**Available records:**

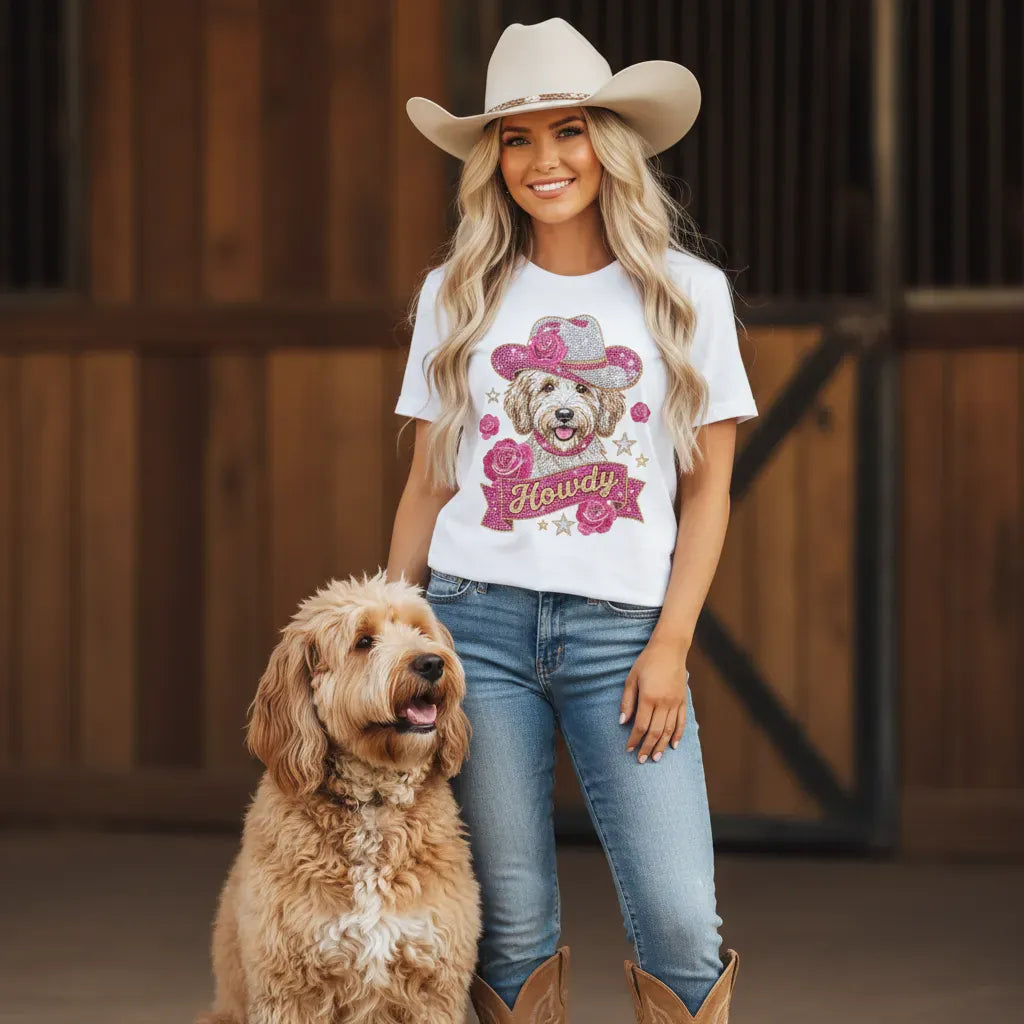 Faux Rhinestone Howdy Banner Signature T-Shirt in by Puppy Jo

--

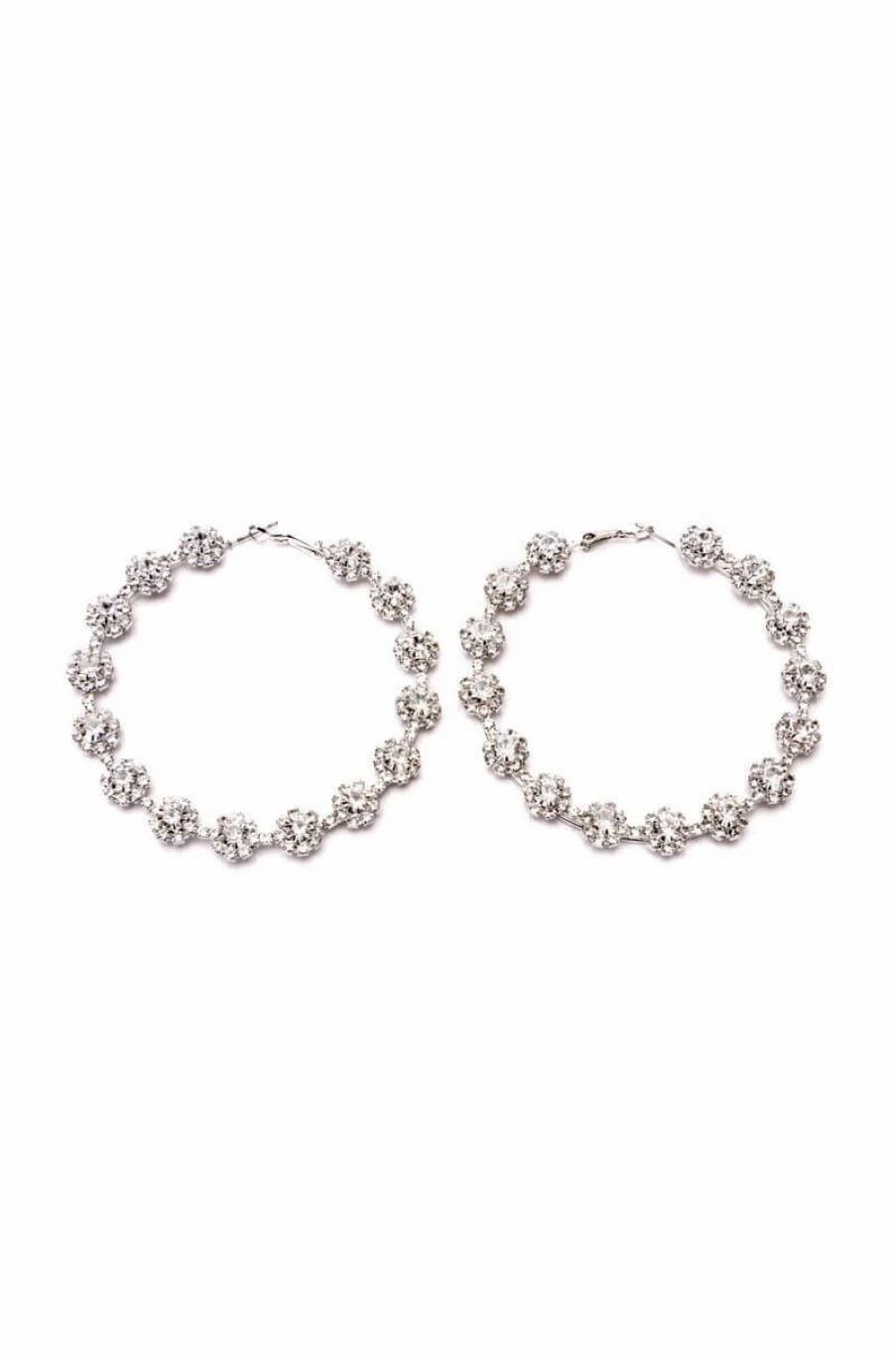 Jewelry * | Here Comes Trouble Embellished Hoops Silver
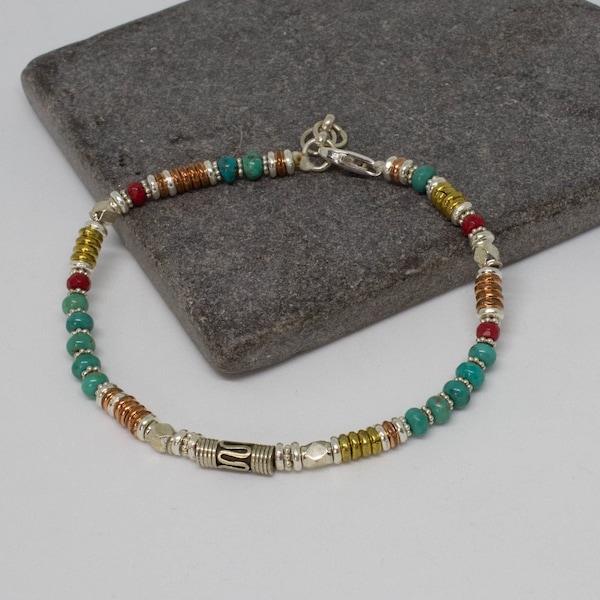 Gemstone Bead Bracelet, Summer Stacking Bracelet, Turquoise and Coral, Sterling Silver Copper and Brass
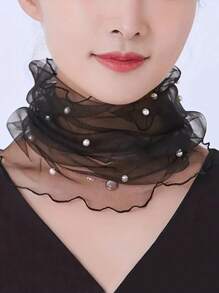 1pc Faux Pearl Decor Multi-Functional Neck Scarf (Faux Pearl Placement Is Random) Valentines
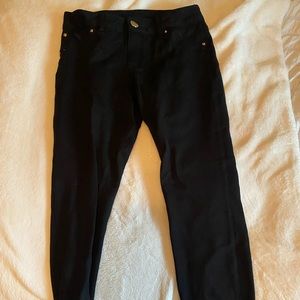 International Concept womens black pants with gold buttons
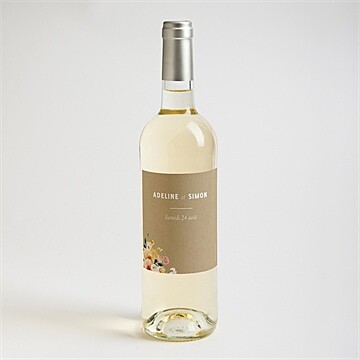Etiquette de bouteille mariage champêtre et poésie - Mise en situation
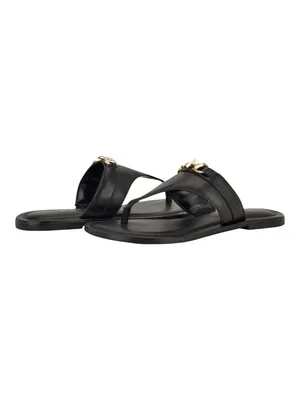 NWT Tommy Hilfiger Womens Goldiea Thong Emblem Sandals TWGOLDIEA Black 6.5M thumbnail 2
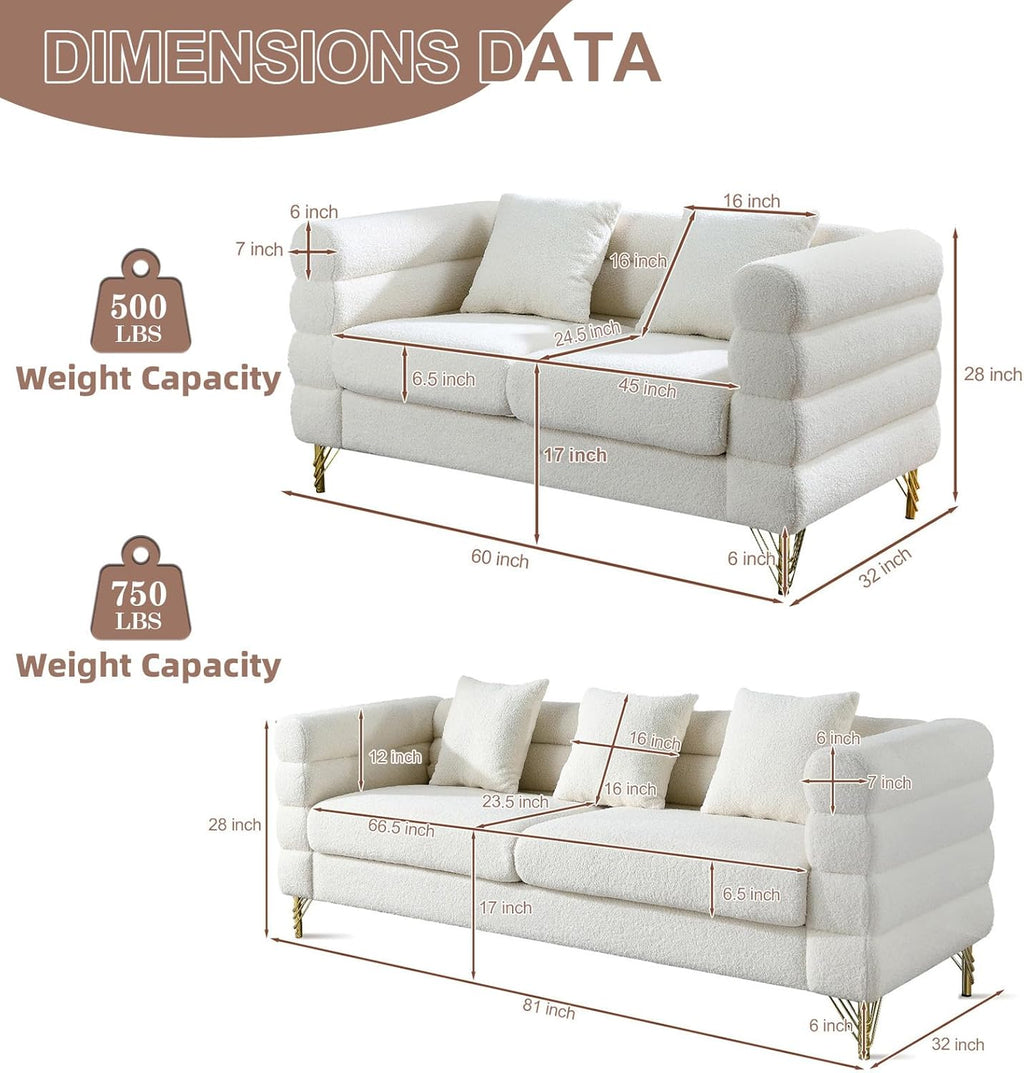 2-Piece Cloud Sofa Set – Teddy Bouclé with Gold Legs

* * *

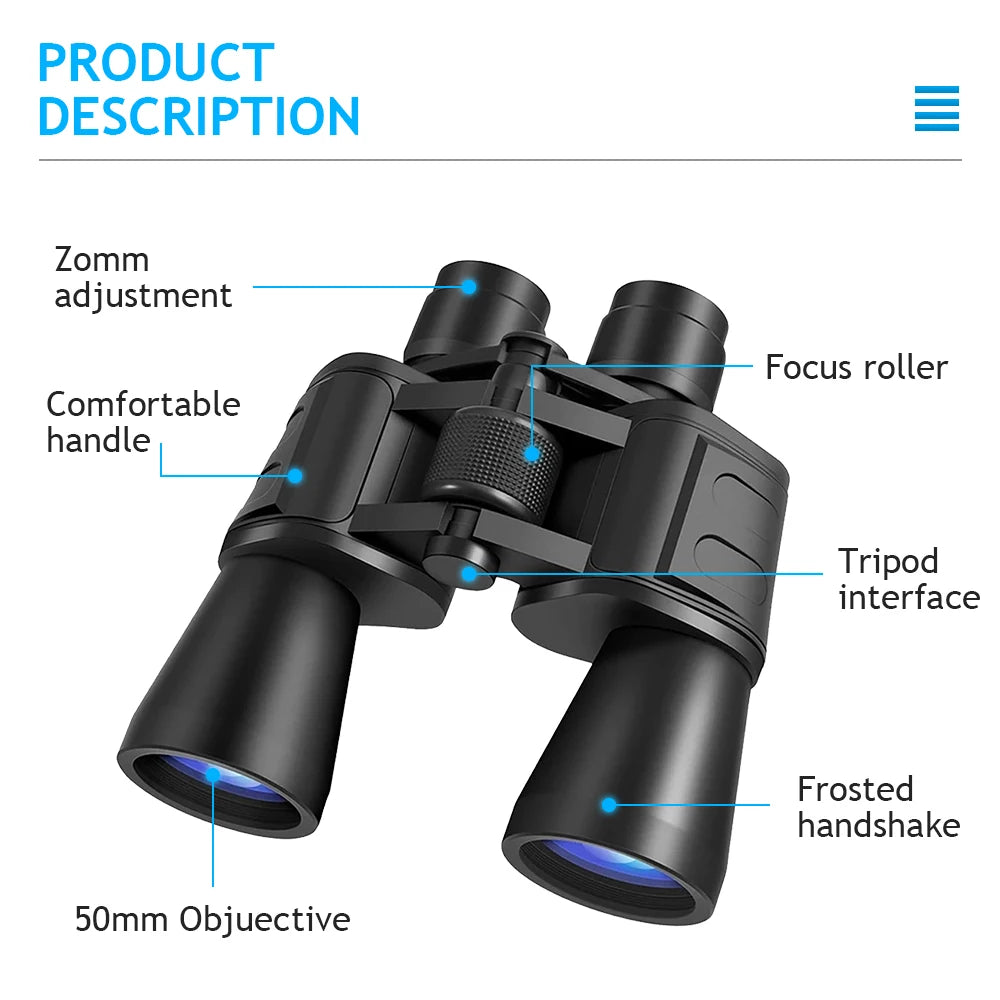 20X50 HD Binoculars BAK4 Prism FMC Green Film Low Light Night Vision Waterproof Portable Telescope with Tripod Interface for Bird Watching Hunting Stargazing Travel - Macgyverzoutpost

**Work to be completed:**
Look above for the line with "Gemstone Bead Bracelet, Summer" and the line with "2-Piece Cloud Sofa", then copy exactly the lines from the first through the second, both kept, with no pictures.

**Your response:**
 Gemstone Bead Bracelet, Summer Stacking Bracelet, Turquoise and Coral, Sterling Silver Copper and Brass
 1pc Faux Pearl Decor Multi-Functional Neck Scarf (Faux Pearl Placement Is Random) Valentines
 International Concept womens black pants with gold buttons
Etiquette de bouteille mariage champêtre et poésie - Mise en situation
 NWT Tommy Hilfiger Womens Goldiea Thong Emblem Sandals TWGOLDIEA Black 6.5M thumbnail 2
 2-Piece Cloud Sofa Set – Teddy Bouclé with Gold Legs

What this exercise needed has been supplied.